SECTION 1.  Defined Terms; References.  This Amendment is a Credit Document.  This Amendment and the Credit Agreement shall be construed collectively and in the event that any term, provision or condition of any of such documents is inconsistent with or contradictory to any term, provision or condition of any other such document, the terms, provisions and conditions of this Amendment shall supersede and control the terms, provisions and conditions of the Credit Agreement.  Unless otherwise specifically defined herein, each term used herein that is defined in the Credit Agreement has the meaning assigned to such term in the Credit Agreement.  Each reference to “hereof”, “hereunder”, “herein” and “hereby” and each other similar reference and each reference to “this Agreement” and each other similar reference contained in the Credit Agreement, and each reference to “the Credit Agreement”, “thereunder”, “therein” and “thereof” and each other similar reference contained in the other Credit Documents, shall, after this Amendment becomes effective, refer to the Credit Agreement as amended hereby.

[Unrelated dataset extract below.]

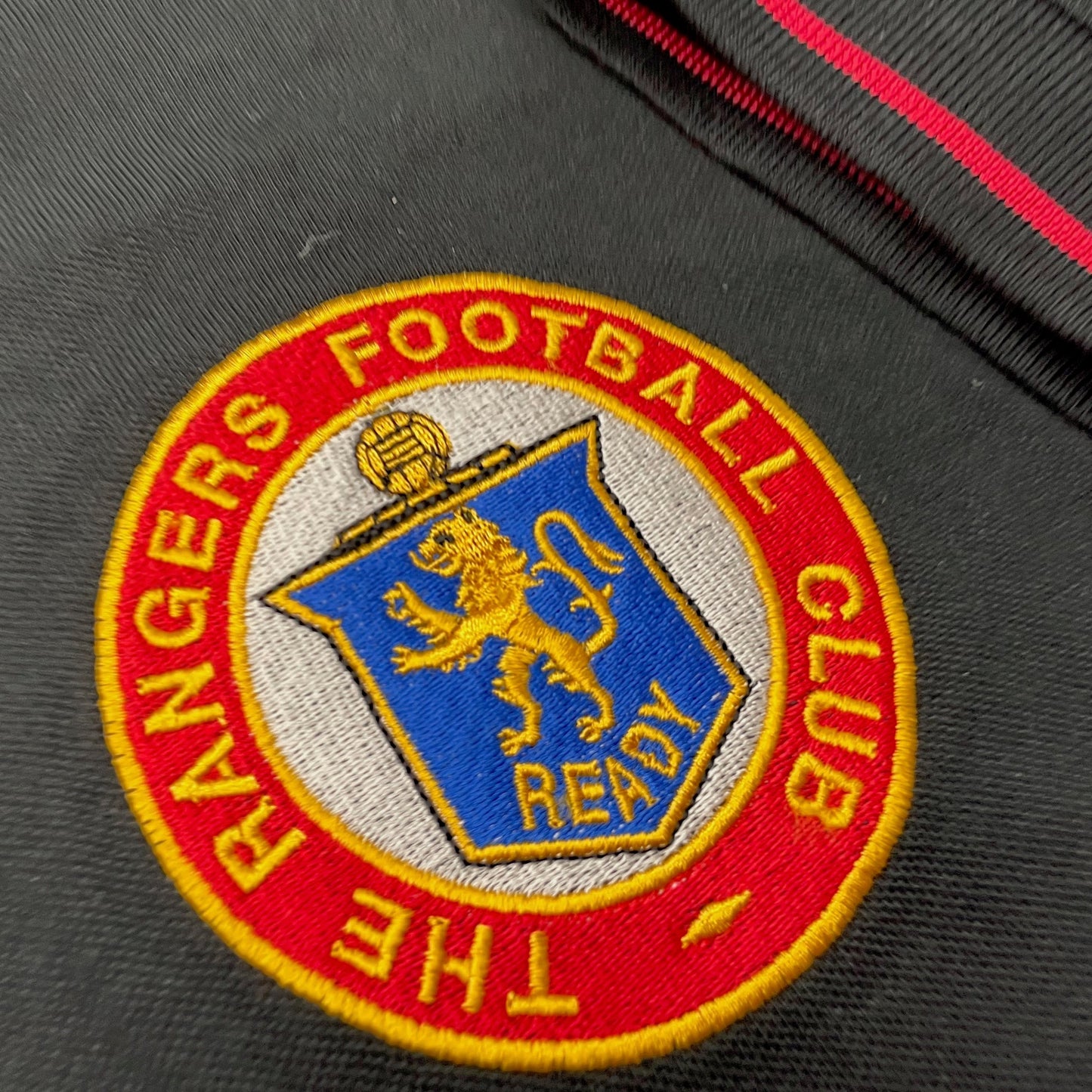 Retro Rangers Shirts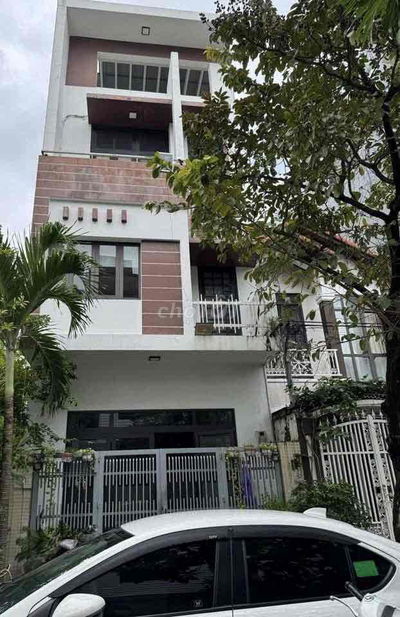 Nhà MT Tạ Mỹ Duật 4 tầng phố Tây đầu tư tiềm năng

SECTION 2.  Amendments.  Subject to the satisfaction of the conditions precedent set forth in Section 6 below:

		(a)	Definition of “Applicable Margin”.  The U.S. Base Rate/Canadian Prime Rate Loans column and LIBO Rate/CDOR Loans column of the pricing grid included in the definition of “Applicable Margin” set forth in Section 1.01 of the Credit Agreement shall be deleted in their entirety and replaced with the following:

	
U.S. Base

Rate/Canadian

Prime Rate Loans

	
LIBO Rate/CDOR

Loans

	
0.50%

	
1.50%

	
0.75%

	
1.75%

	
1.50%

	
2.50%

		(b)	Definition of “LIBO Rate”. The following proviso shall be added to the end of the definition of “LIBO Rate” set forth in Section 1.01 of the Credit Agreement:

 

“provided that, in no event shall the LIBO Rate be less than zero”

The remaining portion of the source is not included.